Sen. Marco Rubio joined his two rivals, saying tax reform would be more effective than raising wages.

The billionaire started it – wages are too high – people should accept low wages, to make America great again. Businesses would thrive – they could compete around the world again and so on. This made sense to everyone else. Millions more would be employed if all Americans would just suck it up and work for far less – but one assumes that excludes senior management and corporate officers and professional athletes. And the audience cheered – the angry white blue-collar folks who feel they’re getting nowhere and being screwed by the system, who hate the government paying out welfare to the wrong people and so forth, seem to love being told they should actually work for far less. No one knows why.

There were, however, disagreements on other matters:

A lengthy discussion of immigration stood out as a proxy for a debate over how Republicans can win back the White House after eight years in the wilderness: under the banner of pure and principled conservatism, or with a moderated platform designed to broaden the GOP’s appeal to Latinos and other minorities.

Trump forcefully defended the controversial proposal that has ­fueled his candidacy since summer, in which he would deport all undocumented immigrants and construct a wall along the border with Mexico to keep them out.
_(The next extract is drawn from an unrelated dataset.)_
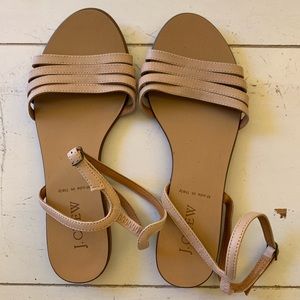 J.Crew Nude Leather Ankle Strap Sandals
“We are a country of laws, we need borders, we will have a wall, the wall will be built, the wall will be successful, and if you think walls don’t work, all you have to do is ask Israel,” said the former reality-television star. “The wall will work, properly done. Believe me.”

That drew a quick retort from Ohio Gov. John Kasich, who had been spoiling for a fight and repeatedly interrupted the questioning of other candidates to give his opinions.

“For the 11 million people, come on, folks, we all know we can’t pick them up and ship them across the border,” Kasich said. “It’s a silly argument. It’s not an adult argument.”

Trump then interjected with a taunt at Bush: “You should let Jeb speak.”

And the former Florida governor did just that, arguing that deporting illegal immigrants is in conflict with American values and would tear families and communities apart. Bush warned of the electoral consequences should the GOP nominee campaign with Trump’s position.

“They’re doing high-fives in the Clinton campaign right now when they hear this,” Bush said. “That’s the problem with this. We have to win the presidency, and the way you win the presidency is to have practical plans.”

Soon after, Brian Fallon, a Clinton campaign spokesman, tweeted, “We actually are doing high-fives right now.”

Cruz, however, sided with Trump. “If Republicans join Democrats as the party of amnesty, we will lose,” the senator from Texas said.

Yeah, but when Mitt Romney went down in flames in 2012, when maybe only thirty-seven Hispanics, in Utah, voted for him, you guys were worried about losing again, because Hispanics had come to see you as nasty bastards who thought they were scum. You’re still trying to work out a solution to that problem, are you? Do we have to watch while you argue about it, again, three long years later? Why don’t you let us know when you work something out? It’ll be easier for everyone.

And this argument sounds familiar too:

Later in the evening, an extended series of questions about the candidates’ tax plans sparked a fight between Rubio and Paul over the size of the military and defense budget.

“I know Rand is a committed isolationist. I’m not,” Rubio said, earning loud cheers from the crowd. “I know that the world is a safer and better place when America is the strongest military power in the world.”

Paul persisted, warning that the country could ill afford to spend more money on the military: “I want a strong national defense. But I don’t want us to be bankrupt.”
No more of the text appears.